→ Material provided
_ _ _ _ _

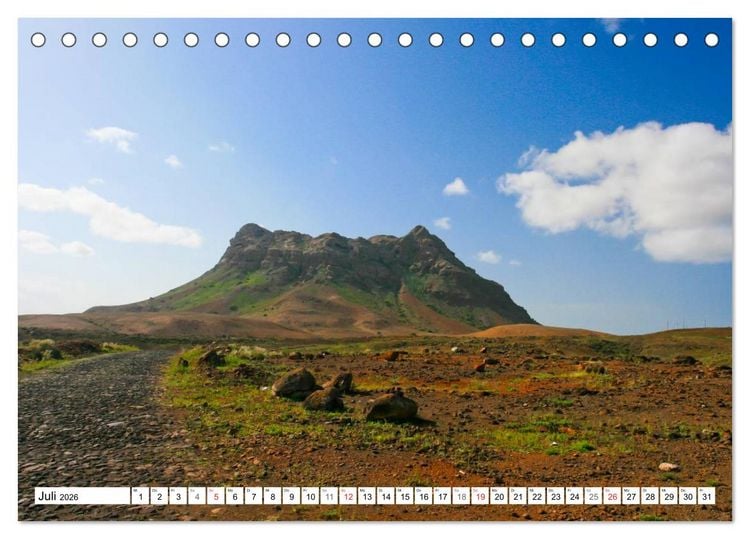 Produktbild: Boa Vista - Kapverden. Die Gem&uuml;tliche (Tischkalender 2026 DIN A5 quer), CALVENDO Monatskalender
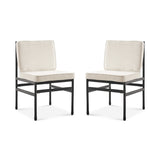 Odelia dining chair in pearl white bouclé – product view on white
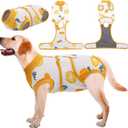 Kuoser Recovery Suit for Dogs Cats After Surgery, Professional Pet Recovery Shirt Dog Abdominal Wounds Bandages, Substitute E-Collar & Cone, Prevent Licking Dog Onesies Pet Surgery Recovery Suit (L (Back:16.1-20.1'', Weight:23-48 LB))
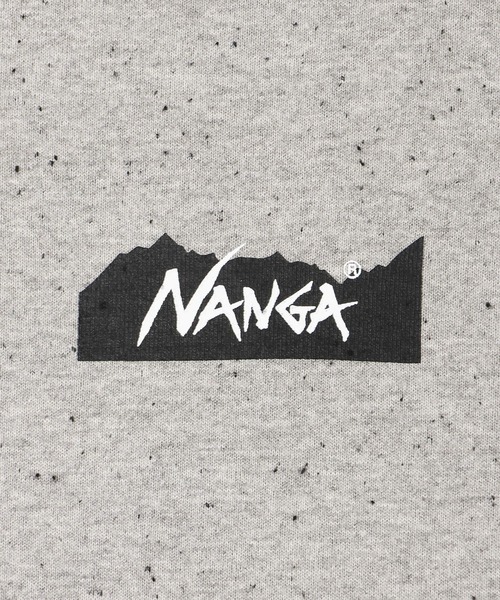 NANGA（ナンガ）の「ECO HYBRID MT LOGO TEE / エコハイブリッド MTロゴティー（Tシャツ/カットソー・メンズ・ホワイト/ブラック/グレー/ネイビー/キャメル/イエロー/サーモンピンク・M/L/XL/S）」の21枚目の写真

_ _ _ _ _

Each line above gets copied exactly; leave the pictures out.

→ Answer to the problem
 Produktbild: Boa Vista - Kapverden. Die Gem&uuml;tliche (Tischkalender 2026 DIN A5 quer), CALVENDO Monatskalender
 Odelia dining chair in pearl white bouclé – product view on white
 Kuoser Recovery Suit for Dogs Cats After Surgery, Professional Pet Recovery Shirt Dog Abdominal Wounds Bandages, Substitute E-Collar & Cone, Prevent Licking Dog Onesies Pet Surgery Recovery Suit (L (Back:16.1-20.1'', Weight:23-48 LB))
 NANGA（ナンガ）の「ECO HYBRID MT LOGO TEE / エコハイブリッド MTロゴティー（Tシャツ/カットソー・メンズ・ホワイト/ブラック/グレー/ネイビー/キャメル/イエロー/サーモンピンク・M/L/XL/S）」の21枚目の写真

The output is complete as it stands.